Park Chan-wook Praises ‘Squid Game,’ Says ‘Parasite’ Was ‘a Historical Event’

Park Chan-wook had a great week at Cannes, winning Best Director for his new procedural “Decision to Leave.” The “Oldboy” auteur also gave movie lovers a hint about some of his upcoming projects, which, if he gets his way, will include a western, a science fiction film, and a remake of Costa-Gavras’s “The Ax.”

The world’s most prestigious festival has always been receptive to the South Korean auteur’s work, but films from his home country have been increasingly well-represented at Cannes in recent years. Bong Joon Ho’s “Parasite” memorably won the Palme d’Or in 2019 before going on to a major Oscars sweep that culminated in a historic Best Picture win.

Though Park was making acclaimed films long before Bong’s “Parasite” breakthrough, the director is thrilled to see more Korean films receiving international acclaim. In an interview with Variety, he praised the impact that “Parasite” had on the film industry.

”‘Parasite’ was a decisive moment. It was a historical event,” Park said. “You could even categorize films Before ‘Parasite’ and After ‘Parasite.’ So, not only in the history of Korean cinema, but in the history of non-English films, I think that film has a very special position in history.”

While “Parasite” opened a major door for South Korean filmmakers, “Squid Game” tore it off the hinges. The blockbuster series from Hwang Dong-hyuk quickly became Netflix’s most-watched series of all time, prompting the streamer to significantly increase its investment in Korean content.

“And, of course, ‘Squid Game’ too,” he said. “Through these contents, through these films and in the TV series now, the directors with films in non-English language can get a lot closer to a wider audience all around the world.”

In addition to the specific boost that Korean filmmakers received from “Parasite” and “Squid Game,” foreign filmmakers are enjoying another opportunity to reach wider audiences: streaming.

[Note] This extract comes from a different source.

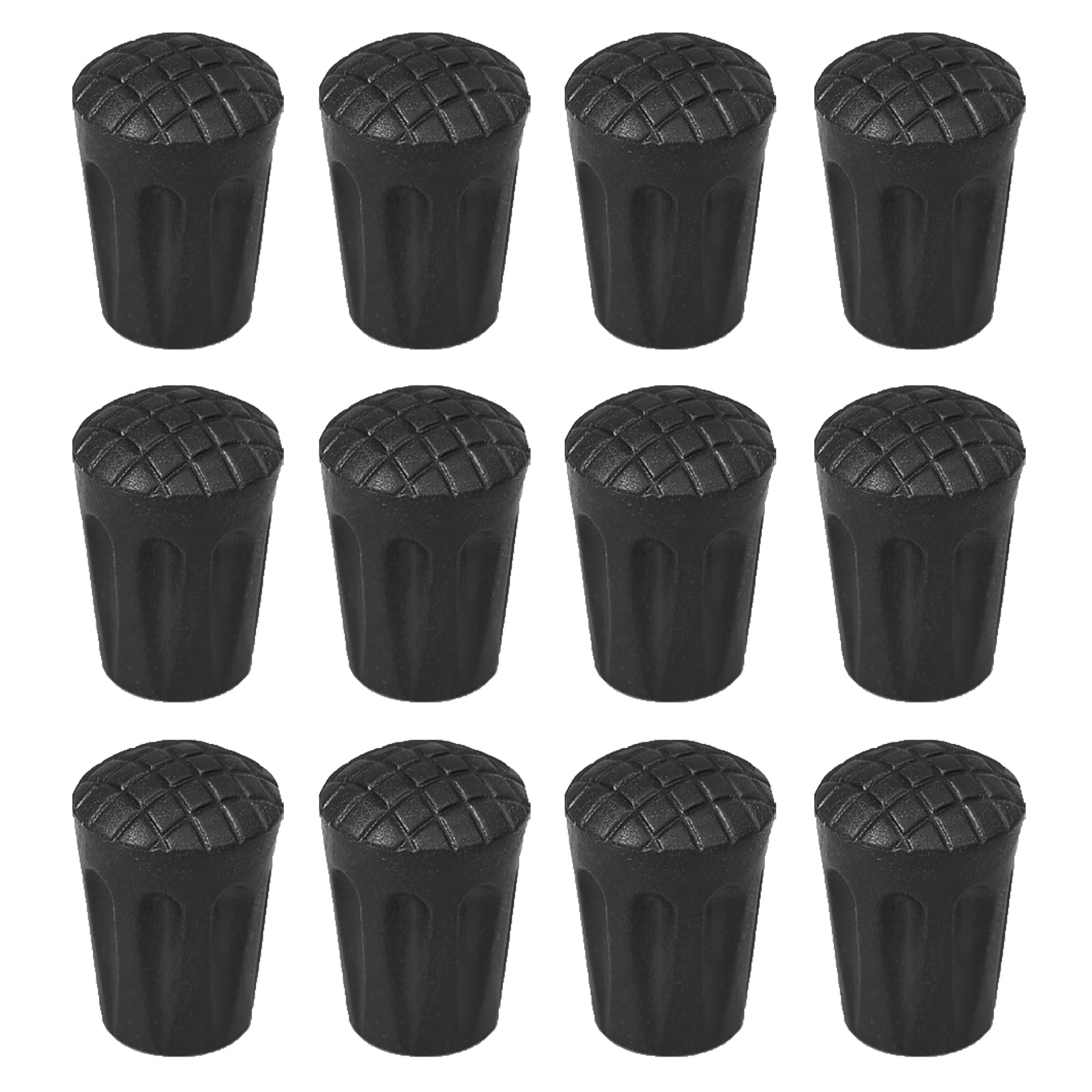 【送料無料】TRIWONDER トレッキングポール ウォーキングポール ラバーキャップ 取り替え用 ストック キャップ ゴムキャップ バスケット スノーバスケット (B - ブラック - 12個)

While Park has yet to make a project for a major streaming service, he praised them for the opportunities they have created.

“It’s definitely got its advantages and merits, especially for the directors who make contents in non-English language,” he said of streaming. “But that doesn’t mean that the director has to make original contents or original films for that platform. He or she can definitely bring their previous works [and] feature length films onto that streaming platform to reach out to wider audience.”

While he clearly has a soft spot for traditional theatrical releases, Park is willing to leverage any opportunity to tell his own stories. The differences between film, television, and streaming do not particularly concern him.

“Platforms don’t matter to me,” he said. “I will keep on discovering and telling the stories that are most suitable for each platform.”